The Sandhills Shootings - Chap O'Keefe

THE SANDHILLS SHOOTING is one of Chap O'Keefe's early novels and the second to feature range detective/hired gun Joshua Dillard. In this one, Dillard gets a letter from his brother-in-law, who is serving as a deputy marshal in a small town in Nebraska, asking him to come and help prevent a range war that's brewing in the sandhills area of that state. At the same time, Dillard is summoned to Omaha by a wealthy businessman who also has connections in the sandhills. Naturally, those two cases turn out to be related, but Dillard doesn't discover that until there are several attempts on his life, in one of which he's shot and left for dead.
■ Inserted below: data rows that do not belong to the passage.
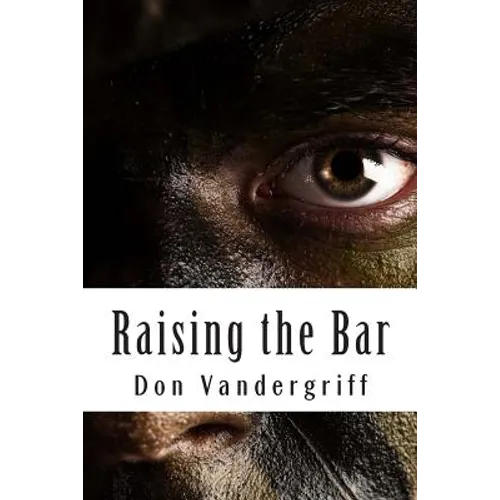Raising the Bar: Creating and Nurturing Adaptability to Deal with the Changing Face of War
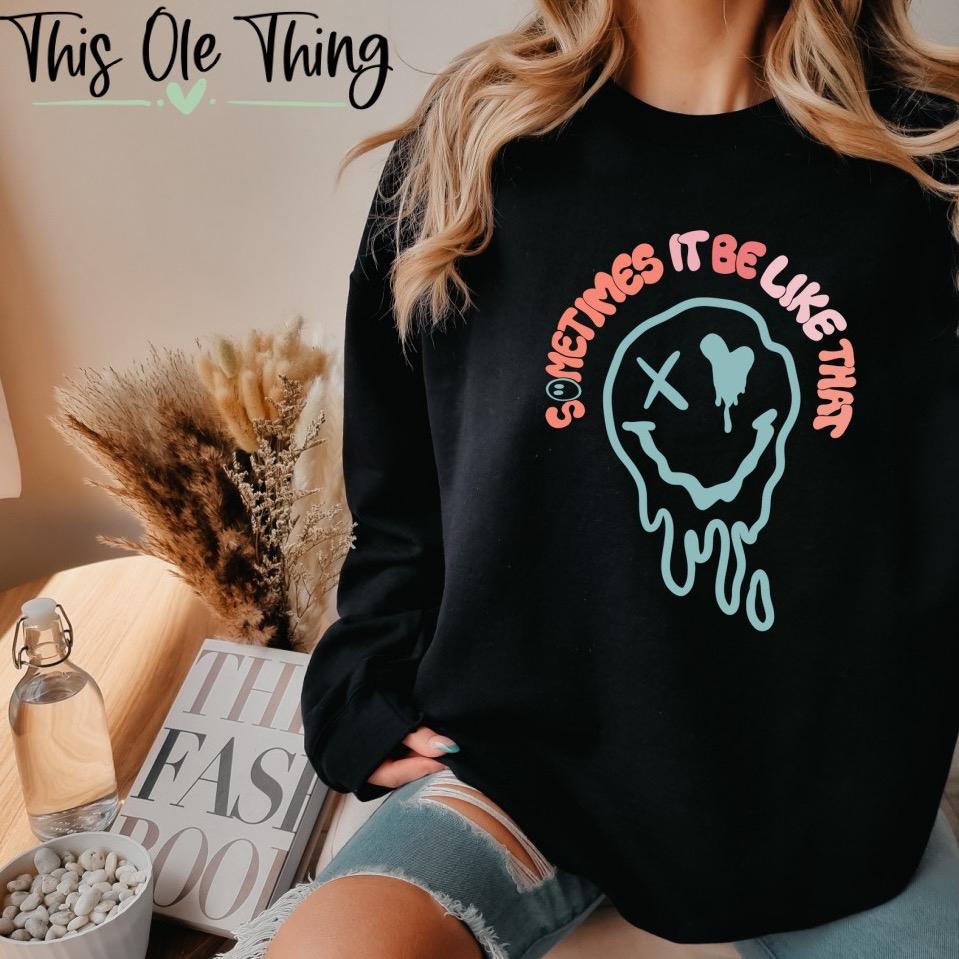 Sometimes It Be Like That Sweatshirt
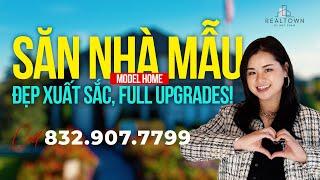 36- Săn Nhà Mẫu MODEL HOME đẹp xuất sắc, Full Upgrades!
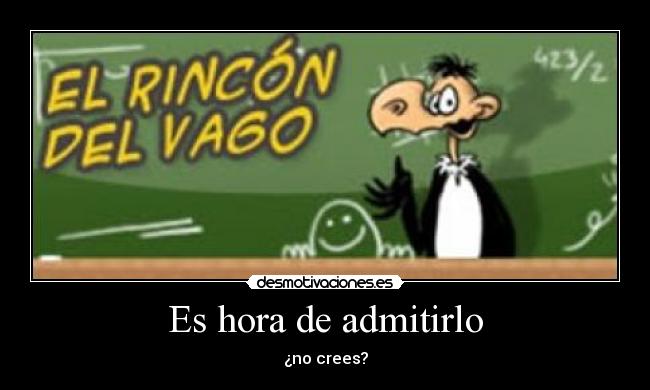 Es hora de admitirlo - ¿no crees?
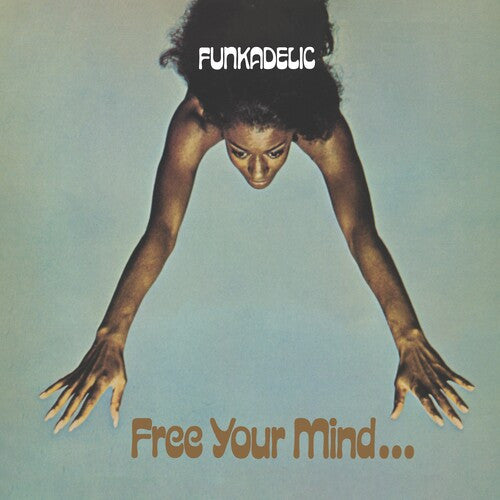 Free Your Mind and Your Ass Will Follow - Funkadelic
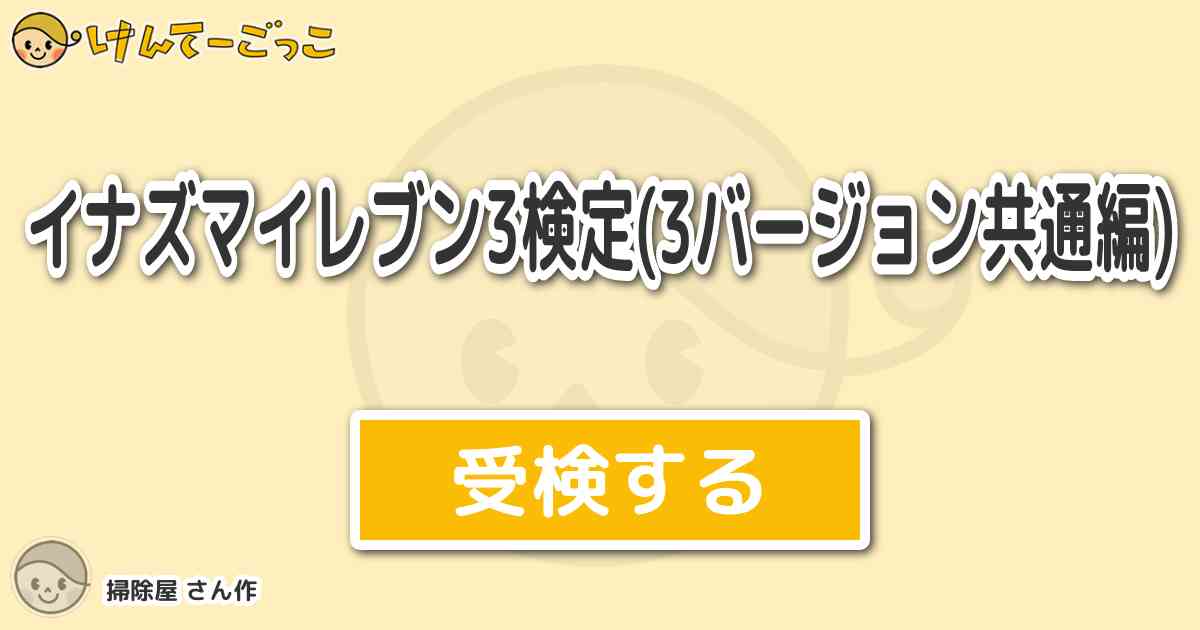 イナズマイレブン3検定 3バージョン共通編 より出題 問題 円堂がイベントで覚える イジゲン けんてーごっこ みんなが作った検定クイズが50万問以上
Chap O'Keefe (who is really friend-of-this-blog Keith Chapman) takes a traditional Western plot and as usual spins it into something more with clever plot twists, well-developed and interesting characters, and plenty of tough, hardboiled action scenes. Joshua Dillard has turned into one of my favorite Western characters. Although he's fast with a gun and can handle himself just fine in a fistfight, he's hardly a superman, but rather a flawed but determined man trying to make his way on a brutal frontier.


THE SANDHILLS SHOOTING is now available in an affordable e-book edition. If you're a Western fan, I highly recommend it.